AKTİFBANK Analizleri ile fark yaratıyor. Gündeme dair sıcak bilgileri müşterileri ile paylaşan banka analizleri iel fark yaratıyor.

Yayınlanma:

|

Genel Gündem

Yurt içinde Merkez Bankası Başkanı değişimi sonrası varlık fiyatlarındaki oynaklık yüksek seyrederken ekonomik veri yoğunluğu zayıf seyretti. Şubat ayında ülkeye gelen yabancı turist sayısı 2020 yılının Şubat ayına göre %69 oranında düşük seyretti. Mart ayına dair öncü göstergelerden Tüketici güven endeksinde 84.5 seviyesinden 86.7 seviyesine bir yükseliş kaydedilirken reel sektör güven endeksi de 108.7 seviyesinden 110,2 seviyesine yükseldi. 19 Mart ile biten haftaya yabancılar net 60 milyon dolar değerinde hisse senedi ve 427 milyon dolar değerinde tahvil alımı gerçekleştirdi. Aynı hafta yurt içi döviz tevdiat hesaplarında 2.1 milyar dolar düzeyinde artış görülürken hafta başındaki yüksek oynaklıkta bu verinin 7 milyar dolar seviyesinde azalmış olabileceği düşünülüyor. Yurt içinde para politikası nezdinde artan belirsizlik TL varlık getirileri ve risk primi üzerinde negatif yönlü baskı yaratırken yurt dışı kısa vadeli TL faizinde de bozulma meydana geldi.
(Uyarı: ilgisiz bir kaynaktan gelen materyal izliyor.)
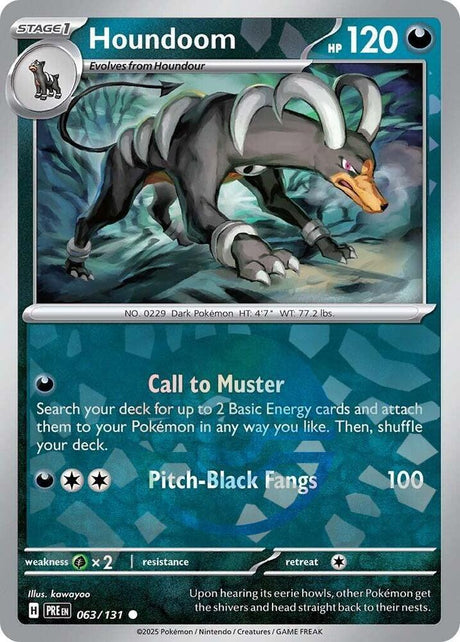 Houndoom 063/131 - Poké Ball Reverse Holo - Pokemon TCG Prismatic Evolutions card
Küresel tarafta hafta içinde Markit tarafından yayınlanan PMI verileri takip edildi. Küresel tarafta Mart ayı PMI verileri genel olarak beklentilerin üzerinde gerçekleşirken ekonomik aktivitedeki toparlanma beklentilerini de doğrulamış oldu. Almanya’da Mart ayı imalat sanayi PMI verisi 60.7’den 60.5’e gerileme beklenirken 66.6 düzeyinde gerçekleşti. Benzer görünüm İngiltere’de de yaşanırken imalat sanayi PMI 49.5’ten 56.8’e yükseldi. ABD’de ise aynı veri 58.6’dan 59 seviyesine yükseldi. Hizmet PMI tarafında Almanya Mart ayı itibariyle 50.8 ile büyüme noktasını işaret ederken, İngiltere’de 56.8 ve ABD’de 60 seviyelerinde kaydedilen veri hizmet sektöründe de güçlü bir toparlanmanın geldiğine işaret ediyor. ABD 10 yıllık tahvil faizi %1.7’nin hemen altında fiyatlanırken enflasyon beklentilerindeki iyimserlik de devam ediyor.
Aktif Bank
Döviz Kurları:

Geçtiğimiz hafta gelişen ekonomi para birimleri içinde TL negatif ayrışırken genel olarak ABD dolarına karşı değer kaybı gözlendi. TL’nin %10 değer kaybı yaşadığı haftada Brezilya reali 3’ün üzerinde değer kaybı ile TL’yi takip etti. Türkiye 5 yıllık CDS primi 310’dan 460 seviyesine yükselirken uzun vadeli tahvil faizlerindeki yükseliş ve gözlenen portföy akımları kur üzerinde baskı oluşturdu.

G10 para birimleri de hafta içinde ABD dolarına karşı negatif bir görünüm sergilerken EUR/GBP paritesindeki düşüş eğilimi geçtiğimiz hafta da devam etti. ABD’de hem ekonomik aktivite hem de istihdam tarafında görülen pozitif tablo ABD tahvil getirilerini yükseltirken dolar endeksini de destekliyor.
Aktif Bank
Faiz Enstrümanları:

TL OIS piyasasında getiriler geçtiğimiz hafta genel olarak yükselirken özellikle 1 yıldan uzun vadeli tenorlarda yükseliş kaydedildi. 10 yıllık tenorda yükseliş 285 baz puan olurken 5 yıllık tenorda da 236 baz puan yükseliş kaydedildi. 2 yıllık gösterge faiz %19.1 seviyesinde oluşurken 10 yıllık gösterge tahvil faizi ise %18.6 oldu.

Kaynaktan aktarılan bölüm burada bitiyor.